Local Scale (3-M) Soil Moisture Mapping Using SMAP and Planet Superdove

A capability for mapping meter-level resolution soil moisture with frequent temporal sampling over large regions is essential for quantifying local-scale environmental heterogeneity and eco-hydrologic behavior. However, available surface soil moisture (SSM) products generally involve much coarser grain sizes ranging from 30 m to several 10s of kilometers. Hence a new method is proposed to estimate 3-m resolution SSM using a combination of multi-sensor fusion, machine- learning (ML) and Cumulative Distribution Function (CDF) matching approaches. This method established favorable SSM correspondence between 3-m pixels and overlying 9-km grid cells from overlapping Planet SuperDove (PSD) observations and NASA Soil Moisture Active-Passive (SMAP) mission products.
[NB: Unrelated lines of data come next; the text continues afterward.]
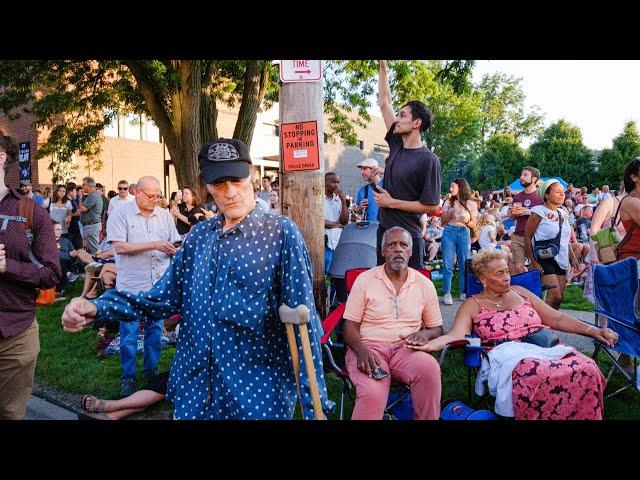 Why I Love 28mm for Street Photography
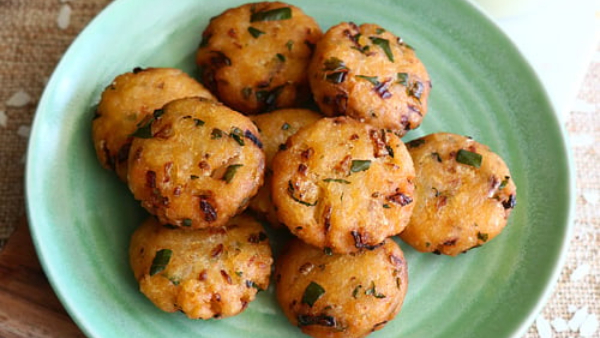 Aval Vadai How To Make a Poha Vadai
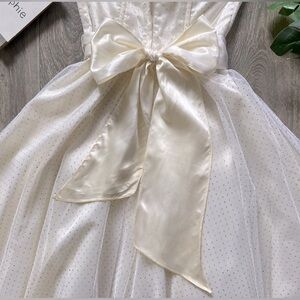 IVORY Vintage 80s Gunne sax sparkly tulle tube dress. Size 9.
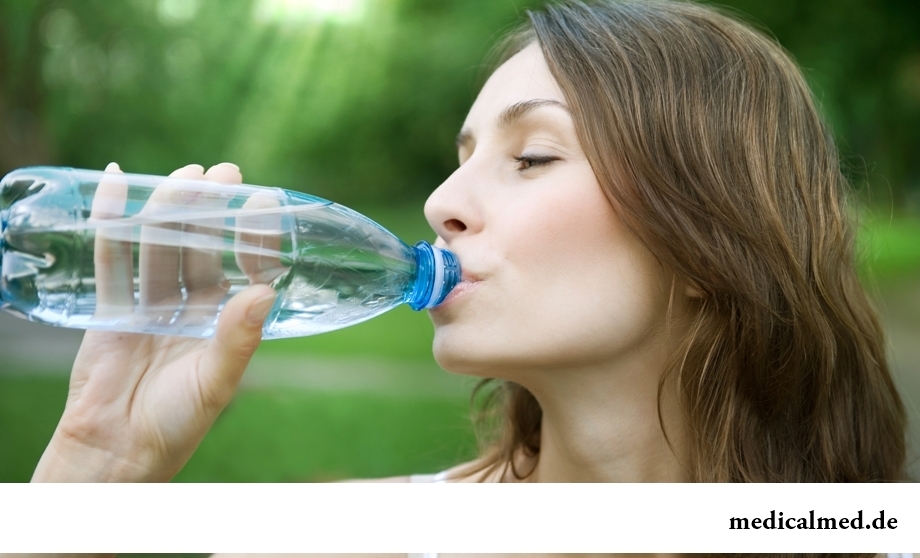 Миф 4: целлюлит возникает вследствие чрезмерного употребления жидкости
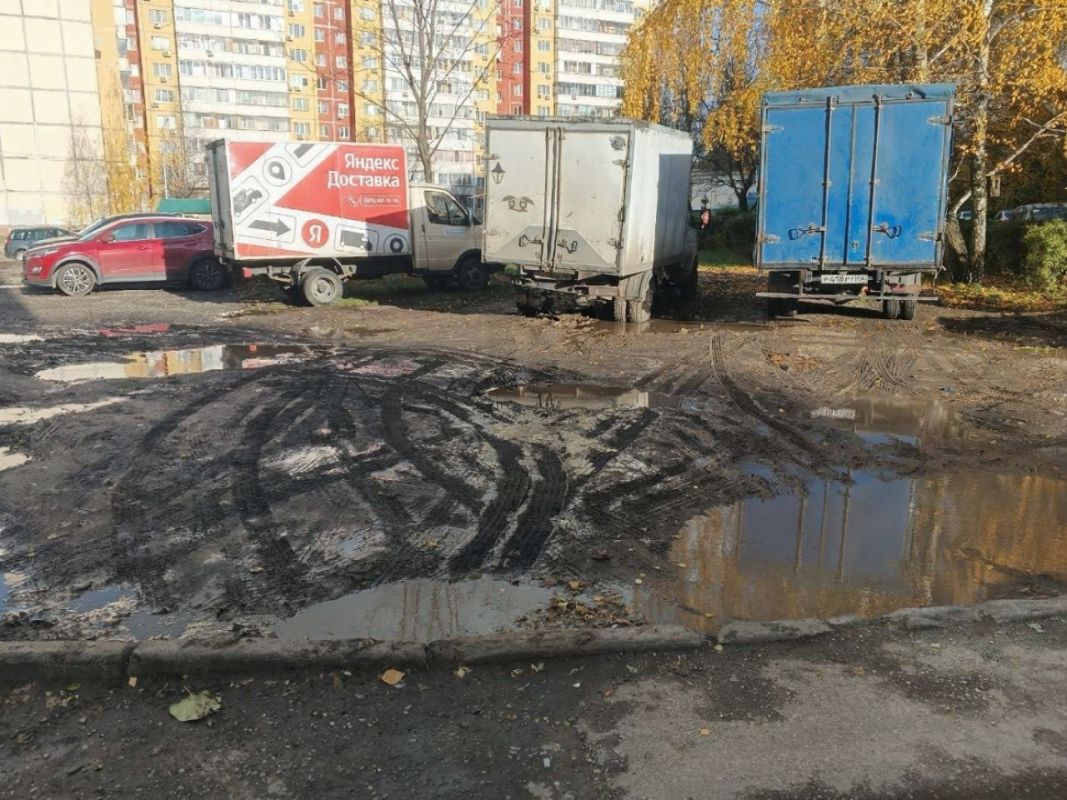 На парковках экономят: коммерсанты Липецка оставляют грузовики прямо во дворах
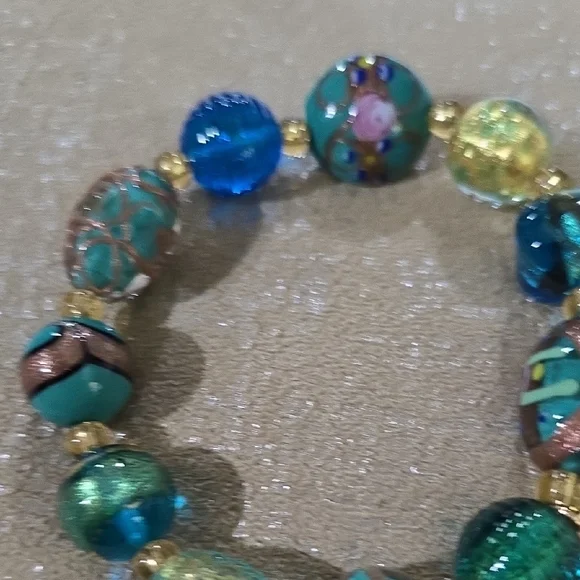 Elegant Green and Gold Beaded Bracelet. Murano. One Of A Kind. Hand Painted. - Picture 6 of 7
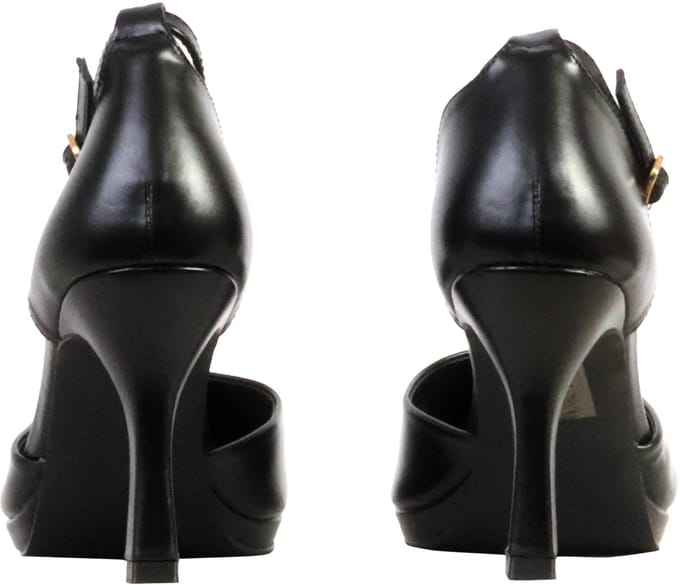 Pumps met hak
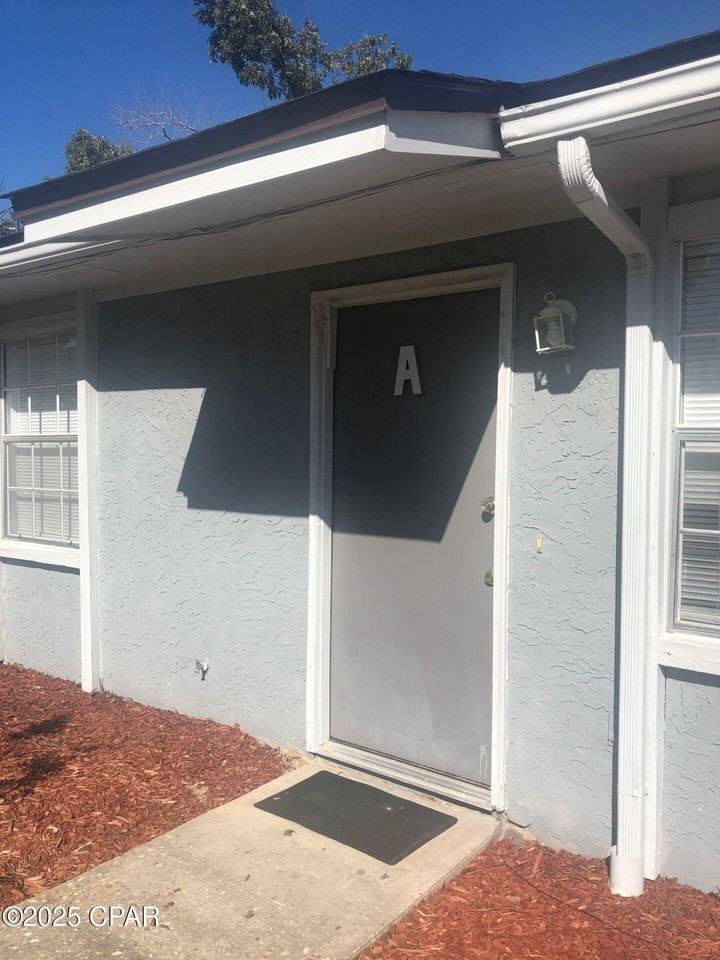 6707 E Highway 22 Apt A #A - Photo 2 of 6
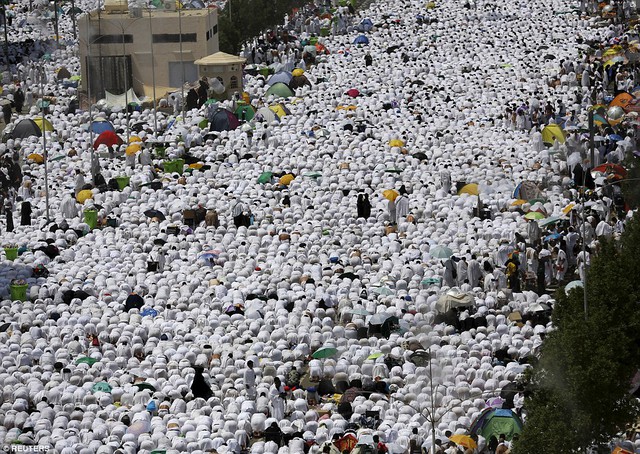 
Hàng chục nghìn người cầu nguyện bên ngoài thánh đường dưới cái nắng nóng của mùa hè Saudi Arabia. Ảnh: Reuters
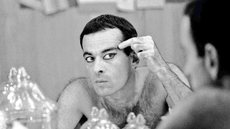 O enredo 'Camaleônico', desenvolvido por Leandro Vieira, destaca a trajetória de Ney Matogrosso - Imagem: Reprodução / X / @leandrovieirarj
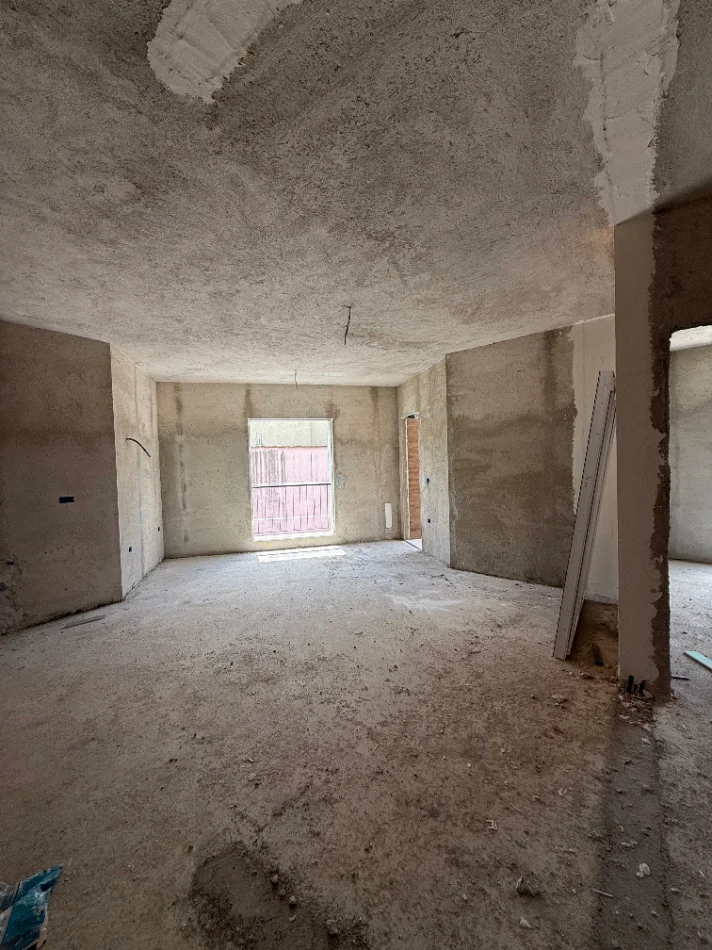 Tirane, shitet apartament 2+1 Kati 1, 100 m² 240.000 € (MIHAL GRAMENO)
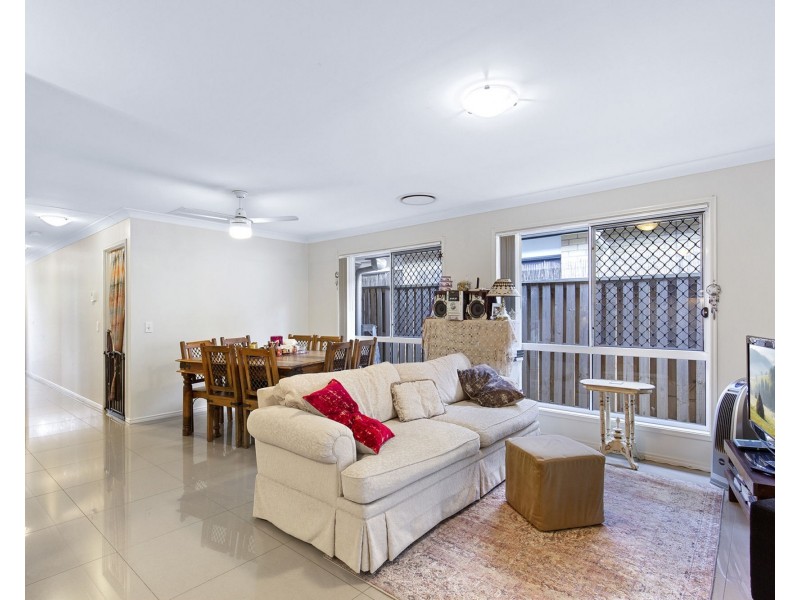 27 BLUE MOUNTAINS CRESCENT, Fitzgibbon QLD 4018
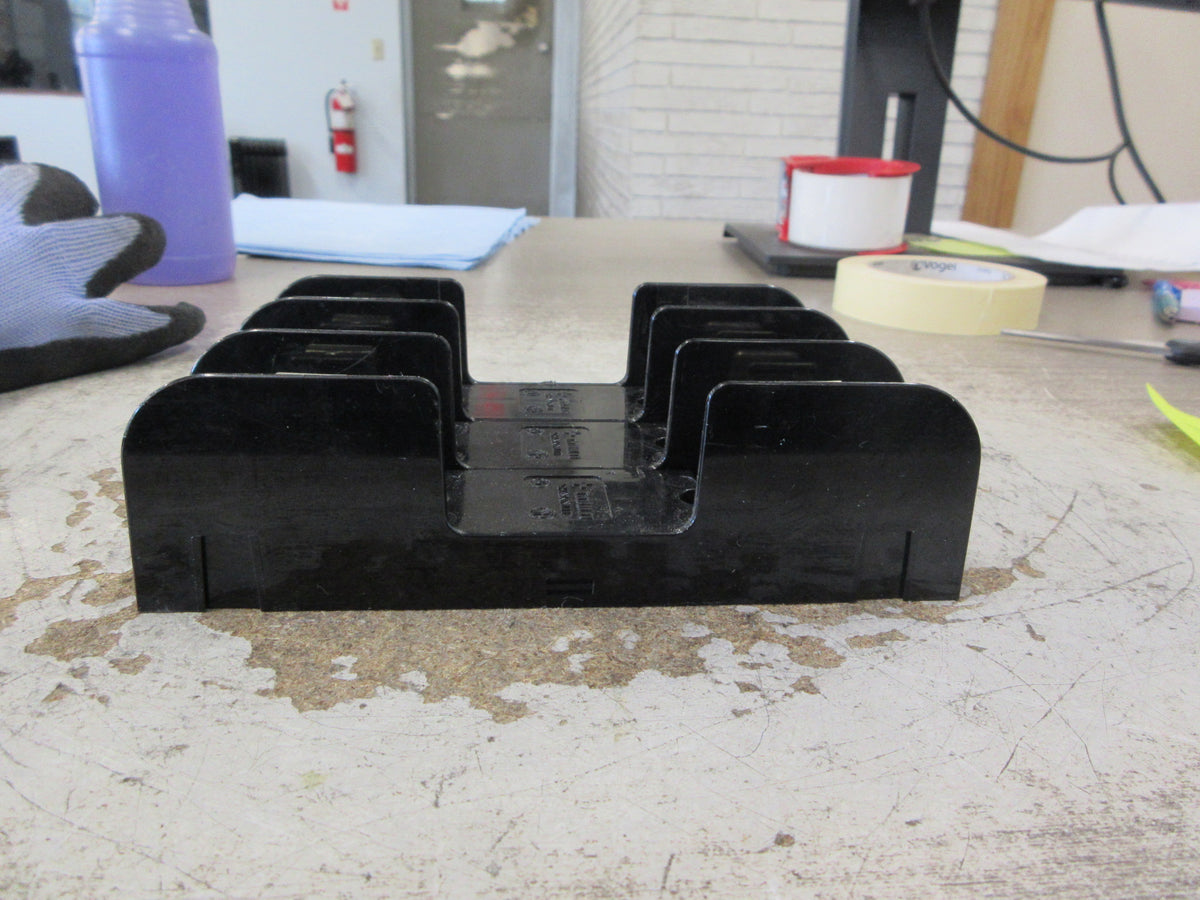 Gould Shawmut Fuseholder 60328R 30A 600V 3P Used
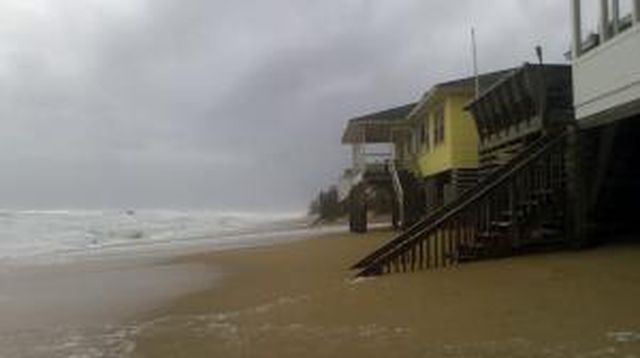 Surf Cam #2 of Kitty Hawk, NC on closest approach of Joaquin (2015)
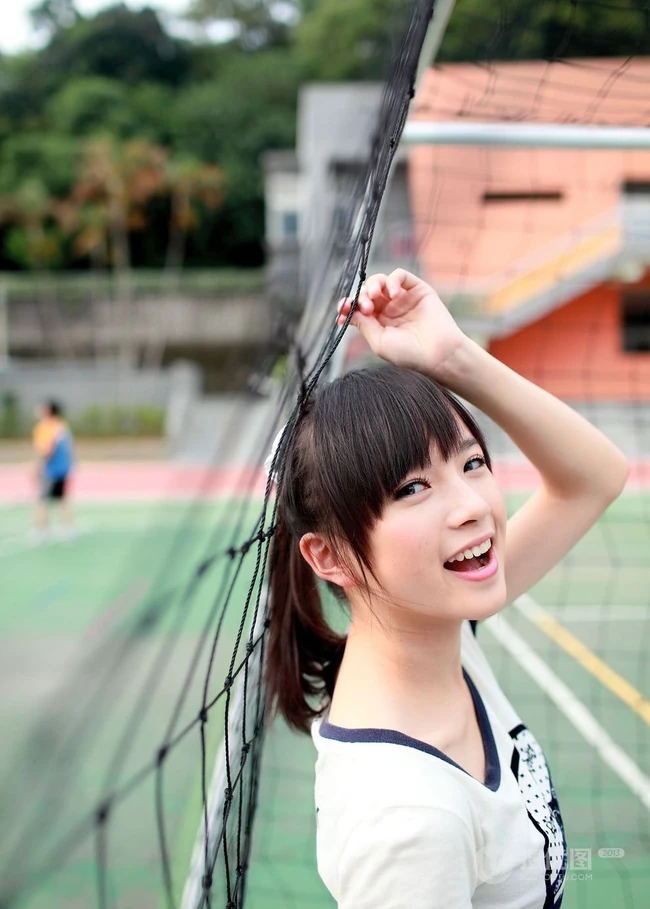 可爱女生校园青春可爱写真图片
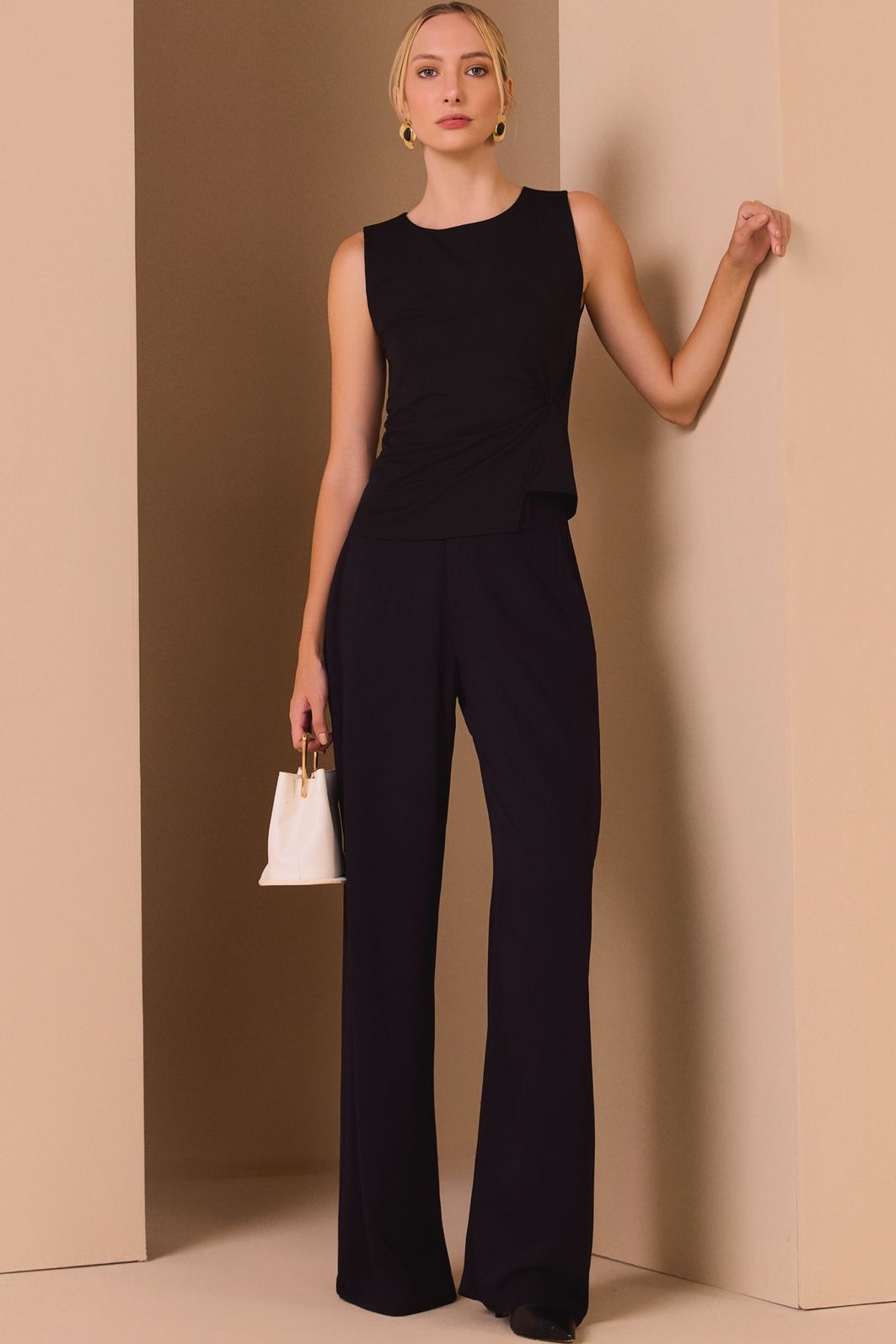 Calça reta em tecido rayon twill 97638 Linzzi Calça reta em tecido rayon twill 97638 Linzzi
The resulting 3-m SSM predictions showed improved accuracy by reducing ab- solute bias and RMSE by ~0.01 cm3/cm3 over the original SMAP data in relation to in-situ soil moisture measurements for the Australian Yanco region, while preserving the high sampling frequency (1-3 day global revisit) and sensitivity to surface wetness (R 0.865) from SMAP. Heterogeneous soil moisture distributions varying with vegetation biomass gradients and irrigation regimes were generally captured within a selected study area. Further algorithm refinement and implementation for regional applications will allow for improvement in water resources management, precision agriculture, and disaster forecasts and responses.